Berlin (Reuters) - Mehr als drei Viertel aller Tarifbeschäftigten in Deutschland können sich über eine Inflationsausgleichsprämie freuen.
77,9 Prozent haben seit Oktober 2022 diese Sonderzahlung erhalten oder werden sie noch bis Jahresende 2024 ausgezahlt bekommen, wie das Statistische Bundesamt am Donnerstag mitteilte.
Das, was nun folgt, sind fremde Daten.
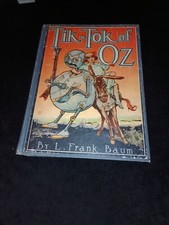 Tik Tok of Oz 1914 By L Frank Baum Hardcover Book Illustrated John Neil comprar usado  Enviando para Brazil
Bei der Prämie handelt es sich um eine steuerfreie Zahlung von bis zu 3000 Euro, die je nach Tarifvereinbarung als Gesamtbetrag oder gestaffelt in Teilbeträgen an die Beschäftigten ausgezahlt werden kann. Der durchschnittliche Auszahlbetrag pro Person liege bei 2761 Euro.
"Die Daten zeigen, dass Beschäftigte in Betrieben mit Tarifvertrag gute Chancen haben, zusätzlich zum Grundentgelt noch eine Sonderzahlung zu bekommen ? ähnlich wie dies beim Urlaubs- und Weihnachtsgeld der Fall ist", sagte Malte Lübker vom Wirtschafts- und Sozialwissenschaftlichen Institut (WSI) der gewerkschaftsnahen Hans-Böckler-Stiftung." Leider profitiere inzwischen nur noch etwa die Hälfte der Beschäftigten von einem Tarifvertrag. Es sei unklar, wie viele der tariflosen Arbeitgeber die Prämie gezahlt haben - und in welcher Höhe.
In den einzelnen Branchen gibt es deutliche Unterschiede - sowohl was die Höhe der Inflationsprämie als auch den Anteil der Tarifbeschäftigten betrifft, die sie bekommen. Die niedrigsten Prämien wurden im Baugewerbe mit durchschnittlich 1104 Euro sowie im Bereich Land-, Forstwirtschaft und Fischerei mit 1689 Euro gemeldet. Die höchsten Zahlungen vereinbart wurden in den Bereichen Öffentliche Verwaltung, Verteidigung, Sozialversicherung (3000 Euro), Erziehung und Unterricht (2999 Euro), Kunst, Unterhaltung und Erholung (2987 Euro) sowie Wasserversorgung, Abwasser- und Abfallentsorgung (2943 Euro).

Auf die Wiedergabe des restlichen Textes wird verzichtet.